-- Data records follows --
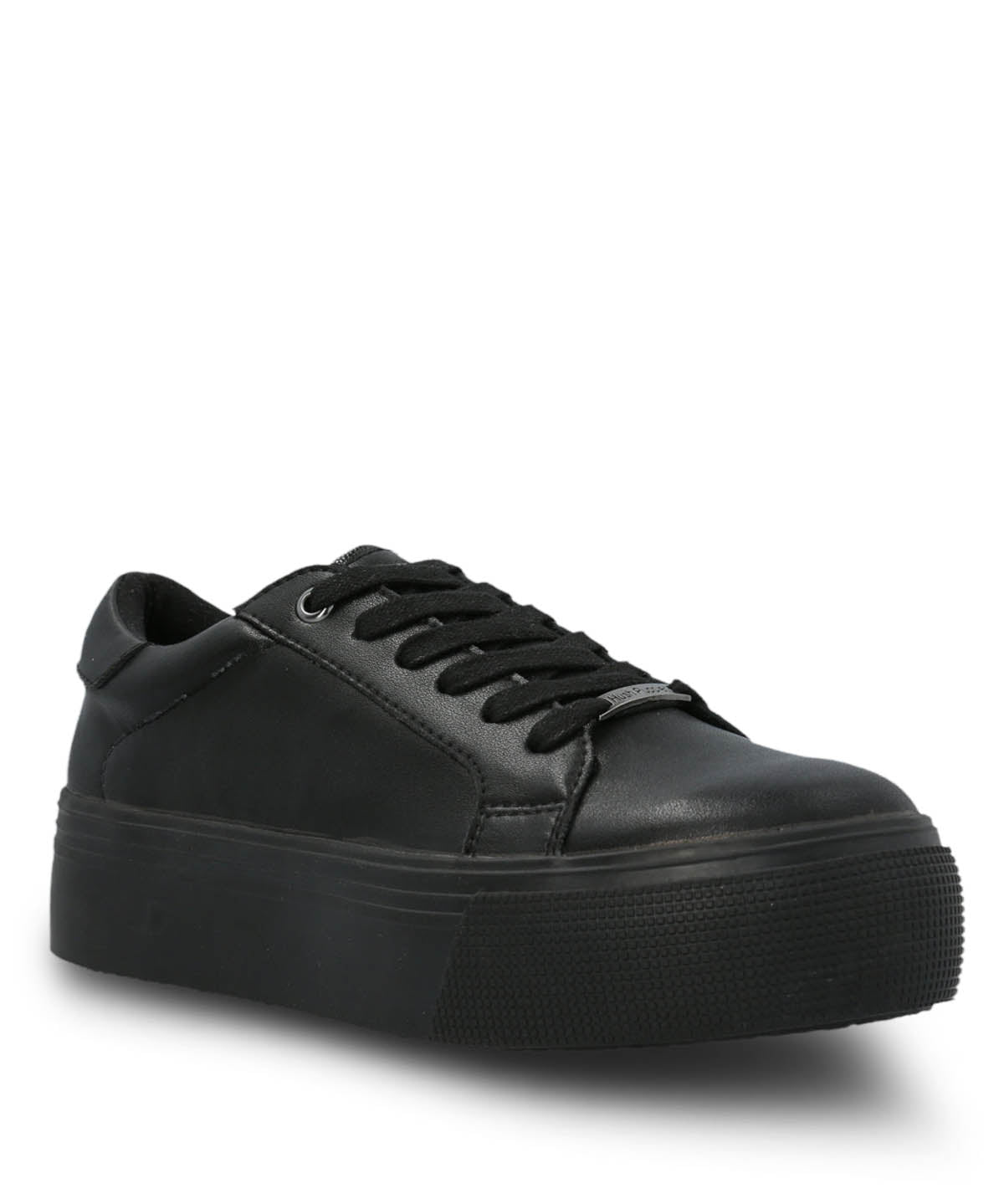 Zapatilla Kim [35-40] | Hush Puppies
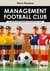 Management football club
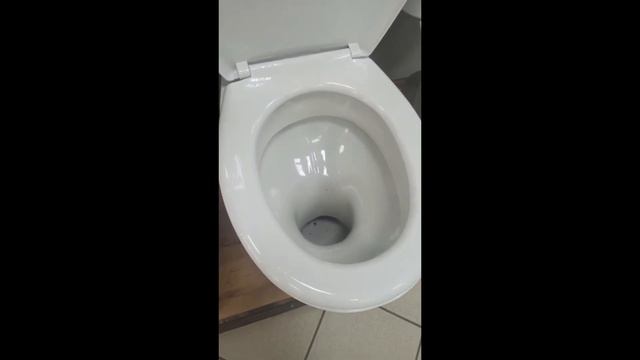 Унитаз-компакт Камелия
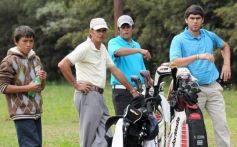 Foto de la galería: Buscando definiciones..(Sabado)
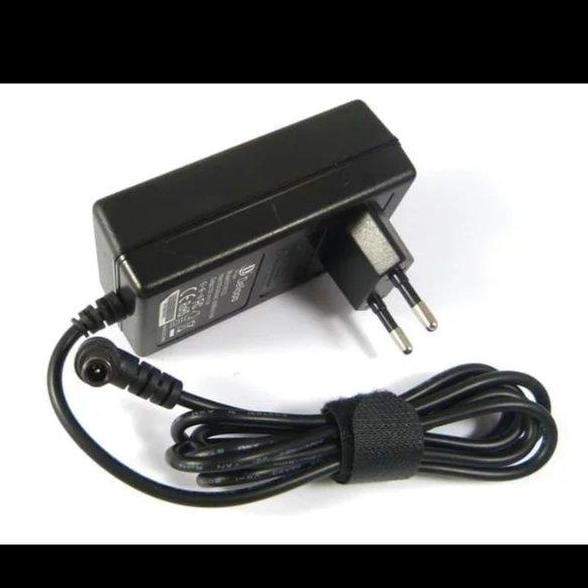 Hot Sale Charger Adaptor Monitor Lg E1642Ca Lg 16En33Sa Lg 16M35A Lg 16M37A Lg 16M38A Lg E1942Ca Lg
-- Data records concluded --
Exercise aim: Restate each line of the records exactly; pictures do not belong in the copy.

Reply to the task:
 Zapatilla Kim [35-40] | Hush Puppies
 Management football club
 Унитаз-компакт Камелия
 Foto de la galería: Buscando definiciones..(Sabado)
 Hot Sale Charger Adaptor Monitor Lg E1642Ca Lg 16En33Sa Lg 16M35A Lg 16M37A Lg 16M38A Lg E1942Ca Lg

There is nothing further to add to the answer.